**WHAT THE TASK REQUIRES**
In the records below, find the line containing "Landing Of Columbus" and return it together with every later line, exactly as written; pictures are to be omitted.

**SUPPLIED MATERIAL**
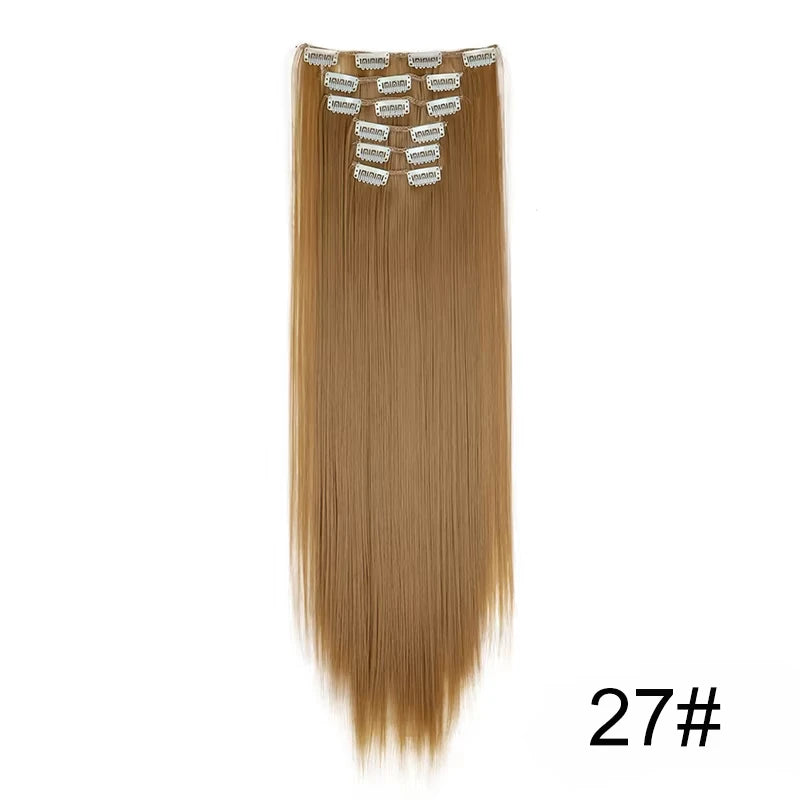 16 Clips in Hair Extensions 24Inchs Long Straight Hairstyle Synthetic Blonde Black Hairpieces Heat Resistant Fake Hair 6Pcs/Set - Zenflow Active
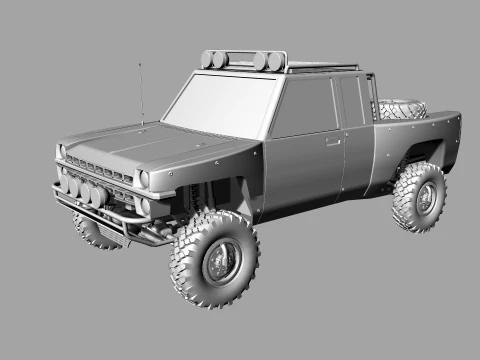 Stylized Off-Road Pickup Truck 4x4 Adventure Vehicle 3D Model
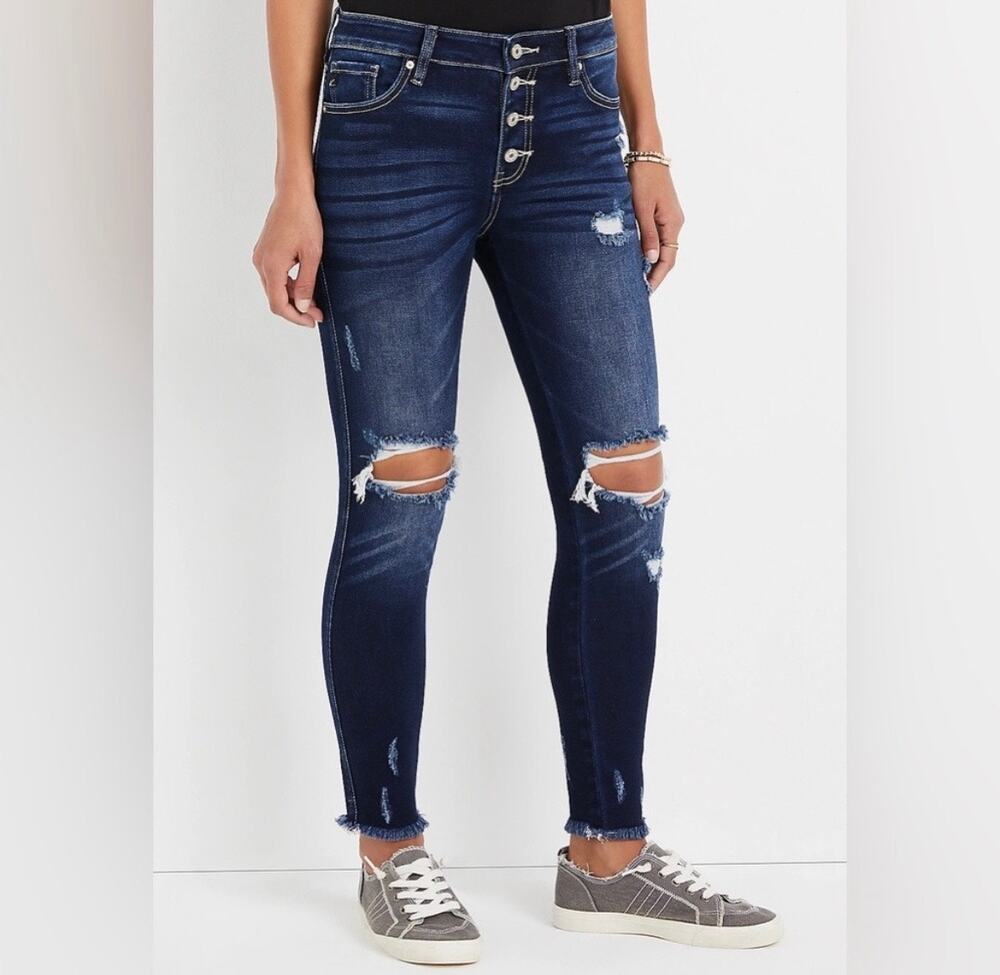 Kancan x Maurices Button Fly Jeans Ripped Knee Size 29 Skinny Stretch Raw Hem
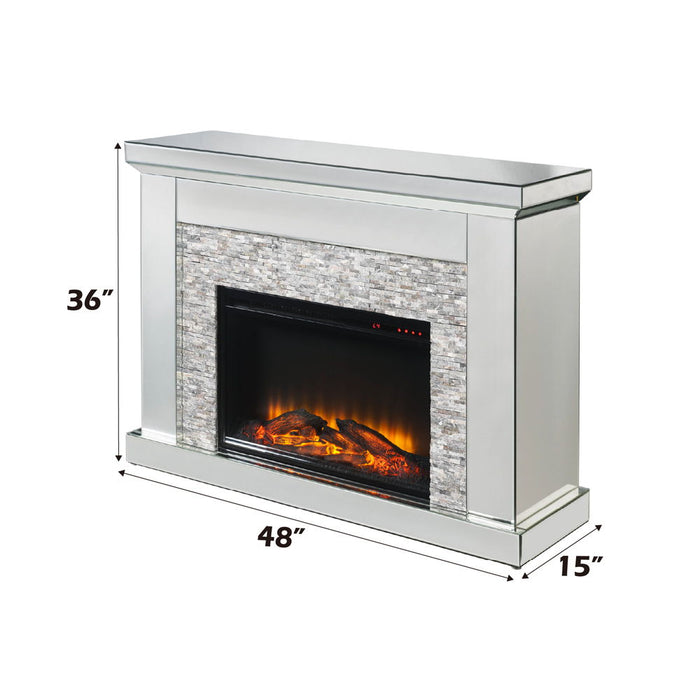 Laksha - Fireplace - Mirrored & Stone ACME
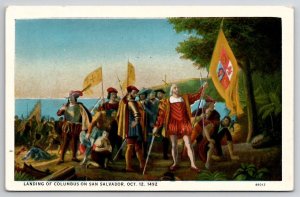 Landing Of Columbus On San Salvador 1492 Postcard C37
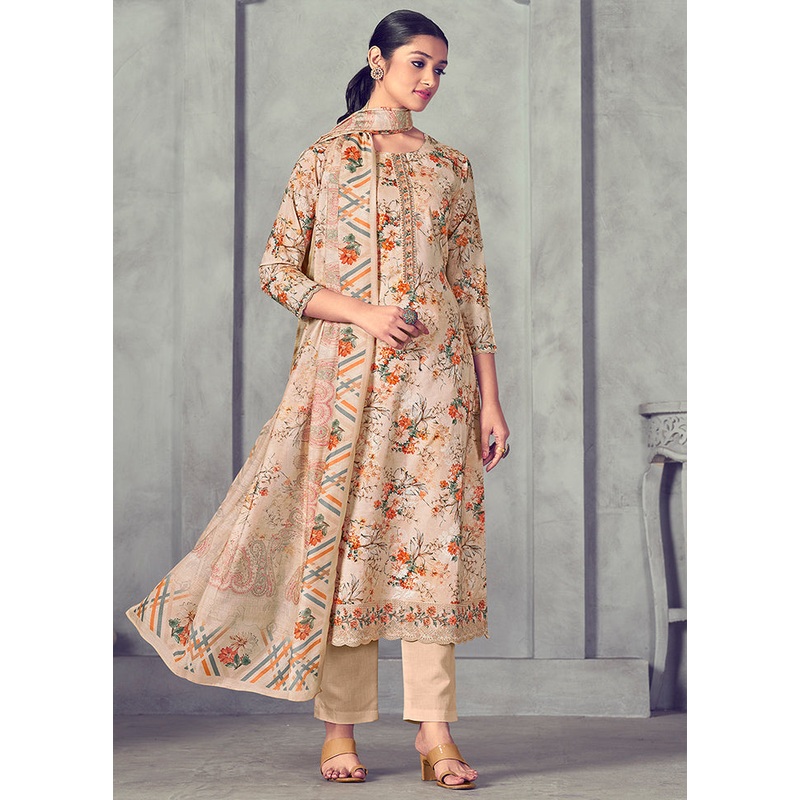 3 Pc Peach Unstitched Pure Cotton Suit Set - JD986579043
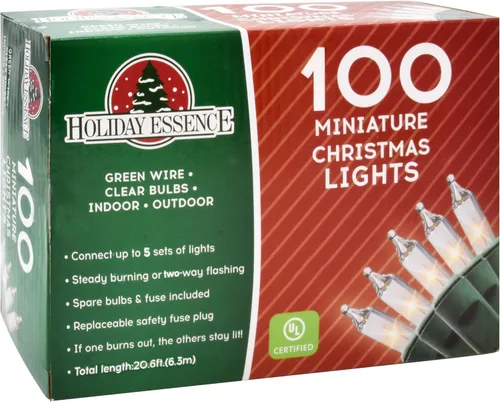 Miniatura 2 de Holiday Essence Luces de Navidad transparentes con cable verde, juego de 100 luces incandescentes mini para iluminación y decoración de fiestas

**RESPONSE FOR THIS EXERCISE**
 Landing Of Columbus On San Salvador 1492 Postcard C37
 3 Pc Peach Unstitched Pure Cotton Suit Set - JD986579043
 Miniatura 2 de Holiday Essence Luces de Navidad transparentes con cable verde, juego de 100 luces incandescentes mini para iluminación y decoración de fiestas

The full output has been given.